Depois da destruição de vários palácios importantes inclusive o de Cnossos em 1400
a.C., devido a causas ainda não conhecidas com certeza, Creta é dominada pelos aqueus. Com
a invasão de Creta pelos Aqueus, e a assimilação de sua cultura, origina-se a civilização
micênica.
O período denominado micênico é uma subdivisão temporal da chamada Idade do
bronze, também conhecido por período Heládico final. Essa cultura desenvolveu-se por volta
de 1600 a.C e 1050 a.C, e dominou economicamente e culturalmente todos os povos do
mediterrâneo oriental. Uma de suas mais importantes criações foi o desenvolvimento do
dialeto jônio que contribuiu substancialmente para o surgimento da Ilíada e da Odisséia.
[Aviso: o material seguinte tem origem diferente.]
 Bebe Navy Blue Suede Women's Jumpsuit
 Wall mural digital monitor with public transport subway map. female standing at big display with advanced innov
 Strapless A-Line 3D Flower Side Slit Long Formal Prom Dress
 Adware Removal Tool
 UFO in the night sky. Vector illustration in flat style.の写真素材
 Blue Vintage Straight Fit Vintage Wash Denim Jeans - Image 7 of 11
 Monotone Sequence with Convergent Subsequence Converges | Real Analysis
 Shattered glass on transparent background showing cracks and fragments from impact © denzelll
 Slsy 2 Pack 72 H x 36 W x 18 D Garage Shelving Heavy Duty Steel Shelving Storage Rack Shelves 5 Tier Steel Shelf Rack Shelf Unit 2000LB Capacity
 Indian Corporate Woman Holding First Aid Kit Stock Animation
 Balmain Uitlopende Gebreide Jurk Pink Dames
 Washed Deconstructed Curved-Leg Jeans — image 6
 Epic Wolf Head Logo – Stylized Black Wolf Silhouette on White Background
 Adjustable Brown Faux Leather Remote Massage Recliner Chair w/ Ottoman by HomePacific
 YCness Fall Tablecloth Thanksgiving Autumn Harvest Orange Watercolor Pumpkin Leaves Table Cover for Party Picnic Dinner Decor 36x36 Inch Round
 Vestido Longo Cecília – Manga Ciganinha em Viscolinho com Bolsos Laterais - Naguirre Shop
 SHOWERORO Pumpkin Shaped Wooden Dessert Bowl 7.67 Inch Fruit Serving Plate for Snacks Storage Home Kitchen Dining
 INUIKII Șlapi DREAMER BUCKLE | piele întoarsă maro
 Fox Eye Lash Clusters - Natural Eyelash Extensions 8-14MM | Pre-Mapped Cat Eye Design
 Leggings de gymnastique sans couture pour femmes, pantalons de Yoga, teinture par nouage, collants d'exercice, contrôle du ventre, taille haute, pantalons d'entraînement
Os micênicos utilizavam uma forma de escrita denominada Linear B, que foi
desenvolvida a partir da escrita utilizada anteriormente em Creta conhecida como Linear A.
Segundo Rostovtzeff (ROSTOVTZEFF, 1986, p.36), a língua desses tabletes é uma forma
antiga do grego, e tem parentesco com o dialeto aqueu tardio, sendo escrito com noventa
sinais silábicos que eram usados para registrar transações comerciais. Eram utilizadas também
para fins administrativos, lista de registro, de funcionários ou trabalhadores, soldados,
declarações de dívidas ou oferendas feitas aos deuses, tal como nos apresenta Baldry
(BALDRY, 1969, p.29). Essa forma de escrita foi descoberta por Sir Arthur Evans na
primeira metade do século XX, enquanto esse fazia escavações no palácio de Knossos em
Creta; somente em 1952 o arquiteto britânico Michael Ventris a decifrou.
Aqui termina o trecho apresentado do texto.